Published: February 24, 2026
5 min read
game developmentwork-life balanceindie development

A note on finding psychological balance as an indie game developer.

The Emptiness After Work

When my workday ends, I suddenly have a lot of free time. Even though my motivation has been high lately, I cap my work at seven hours a day for health reasons.

But the hours after work are surprisingly hard to sit with. The sense of fulfillment gets replaced by emptiness almost instantly, and the contrast feels uncomfortable. To escape that feeling, I start consuming content: AI videos, programming tutorials—today it was Rust and ASP.NET Core.

Once I calm down, I realize it’s mostly a waste. It has little to do with my current game, yet it burns a surprising amount of mental energy. After-work time should be for real recovery—or for genuinely meaningful activities, like writing, reflecting, or doing something that helps me reset—instead of keeping my brain spinning at full speed.

I’m slowly learning a simple rule: having free time doesn’t mean I should fill it with low-value noise. Over-consuming attention and energy just leads to exhaustion without creating anything that matters.

Where Does Game Development Anxiety Come From?

Over the past few weeks, while building a pathfinding system, I’ve repeatedly fallen into a vague, hard-to-name anxiety. Some days I end up working ten hours straight, like something is pushing me to finish as fast as possible.

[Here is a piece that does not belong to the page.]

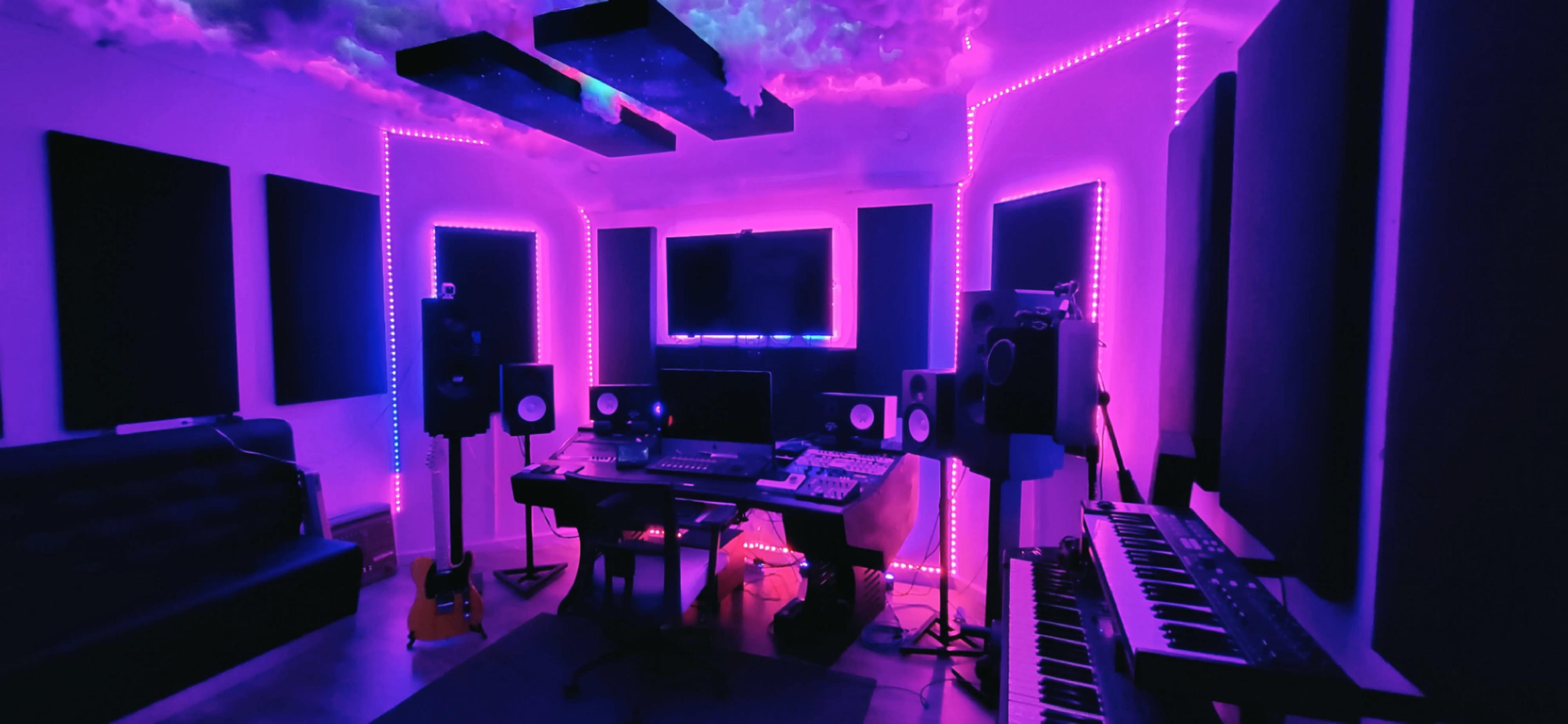 A music production studio featuring colorful LED lighting, a central desk with audio equipment, and soundproof panels on the walls.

I felt the same thing when I was developing “Rated Sudoku”. I worked all day without being able to explain what I was rushing toward. That kind of pace isn’t just physically unhealthy—it also doesn’t necessarily improve financial outcomes.

After thinking it through, I realized the only thing that ever seems “worth” rushing is money—because life needs an economic base. But in the long run, whether I make ten games in my lifetime or five probably isn’t the point.

The anxiety mostly comes from wanting to ship quickly and start earning as soon as possible. But if I remove the money pressure, is the release date really that urgent? Obviously not.

Game release ≠ commercial success. Quality is what determines long-term income. If I trade quality for speed, shipping earlier doesn’t guarantee better results.

If I think in terms of return on investment, shipping later often pays off—at least until the game reaches a genuinely high level of quality. Once every part of the experience is well-polished, extra development time yields diminishing returns. But before the game is truly “good”, the ROI is low: it’s only barely acceptable, and it struggles to earn attention in the market.

So instead of rushing to release, it’s often better to let a game mature.

2026 Goal: Focus on a New Game

Even with that patience in mind, I still want to release a new game this year. That means I need to concentrate and temporarily set aside promotion and further work on the Sudoku game. After the new game ships, coming back to improve Sudoku will be a healthier sequence.

To ensure quality while controlling costs, I need to:

Streamline the scope: Keep the game around ~10 hours (or less). A tighter game can still become a classic without creating a crushing development burden. If sales go well, I can add content later.

Pause marketing: Put nearly all time into core development and ship once it’s done. This lets me finish faster while keeping quality as the priority.

Maintain momentum: Finish the project in one continuous push. Over time, velocity drops, motivation fades, and distractions creep in. Finishing sooner helps—but only as long as quality stays non-negotiable.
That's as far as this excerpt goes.